Peking bringt mit Konjunkturspritzen Wachstum auf Kurs
Peking (dpa) - Chinas Wirtschaft gewinnt wieder etwas mehr Schwung. Im zweiten Quartal dieses Jahres zog das Wachstum in der zweitgrößten Volkswirtschaft der Welt leicht auf 7,5 Prozent im Vergleich zum Vorjahreszeitraum an, wie das Statistikamt in Peking mitteilte.
Grund dafür sind nach Einschätzung von Ökonomen Konjunkturspritzen der Regierung. Das leicht angezogene Tempo entspricht exakt dem Wachstumsziel der Regierung für das gesamte Jahr. In den vergangenen Monaten hatte Peking zusätzliche Ausgaben bei der Eisenbahn und im sozialen Wohnungsbau angeschoben.
Alleine im Juni waren die Staatsausgaben im Vergleich zum Vorjahresmonat um rund 26 Prozent auf 1,65 Billionen Yuan (rund 200 Milliarden Euro) gestiegen.
Analysten hatten im zweiten Quartal mit 7,4 Prozent etwas weniger erwartet. Mit der Geschwindigkeit war China in den ersten drei Monaten dieses Jahres gewachsen.
„Ohne einen Mikrostimulus der Regierung sähen die Wirtschaftsdaten verheerend aus“, sagte Wirtschaftskommentatorin Ye Tan der Nachrichtenagentur dpa. „Die Dynamik der letzten Monate ist auf die expansivere Gangart der Zentralregierung zurückzuführen“, schrieb auch Frederik Kunze von der Norddeutschen Landesbank.
Aus Zahlen der Zentralbank geht hervor, dass trotz der Sorge um faule Kredite Chinas Finanzinstitutionen und Staatsbanken im Juni die Wirtschaft wieder mit deutlich mehr Krediten gestützt haben. Der Umfang der Kredite wuchs auf rund eine Billion Yuan (118 Milliarden Euro) nach rund 870 Milliarden Yuan im Mai.
Mit 7,5 Prozent liegt China weit unter dem zweistelligen Turbo-Wachstum der vergangenen Jahrzehnte. Sollte es in diesem Jahr bei dem Tempo bleiben, wäre es das langsamste Wachstum seit 24 Jahren. Im Vergleich zum Wachstum in Europa und den USA erscheinen Wachstumszahlen wie in China aber bemerkenswert, doch sind sie für ein Schwellenland wie China mit seinem Nachholbedarf nicht hoch.

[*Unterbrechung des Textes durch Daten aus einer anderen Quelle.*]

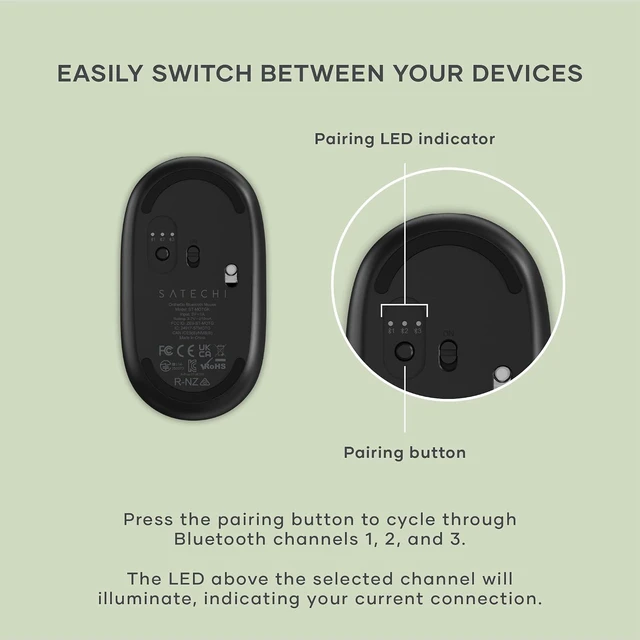 Alt view image 5 of 7 - Satechi OntheGo Bluetooth Mouse, Connect Up to 3 Devices, for Laptop, Black
USB-C rechargeable battery, compact & portable, for laptop, computer, tablet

Chinas Staatsführung will eine grundlegende Umstrukturierung der Wirtschaft anstoßen. Dafür will sie auch geringere Wachstumsraten in Kauf nehmen.

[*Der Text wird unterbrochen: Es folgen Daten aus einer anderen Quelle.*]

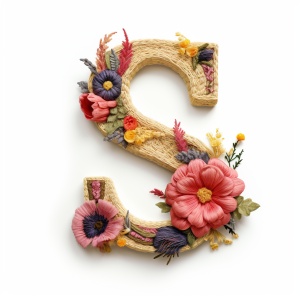 Handwritten Alphabet Letter S with Knitted Yarn and Peony Flower on White Background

Die Reformen könnten jedoch Chinas Wirtschaft zusätzlich unter Druck setzen. Die Regierung versucht Überkapazitäten wie etwa in der Solarbranche langsam abzubauen. Gleichzeitig ist das Wachstum durch die gewaltigen Schulden von Kommunen und Staatsbetrieben in Gefahr. Auch die Immobilienblase und das System an Schattenbanken stimmen Experten pessimistisch. „Wir bezweifeln, dass das Wachstum in China bereits die Talsohle erreicht hat oder sogar wieder Fahrt aufnimmt“, schreibt Nikolaus Keis von UniCredit.
Wichtige Frühindikatoren deuten zumindest auf eine leichte Verbesserung der Wirtschaftslage hin. Die Industrieproduktion legte im Juni im Vergleich zum Vorjahreszeitraum um 9,2 Prozent etwas stärker als erwartet zu. Auch die Sachinvestitionen lagen mit einem Plus von 17,3 leicht über Analystenerwartungen. Gleichzeitig blieben jedoch die Einzelhandelsumsätze im Juni mit 12,4 Prozent leicht hinter den Vorhersagen zurück.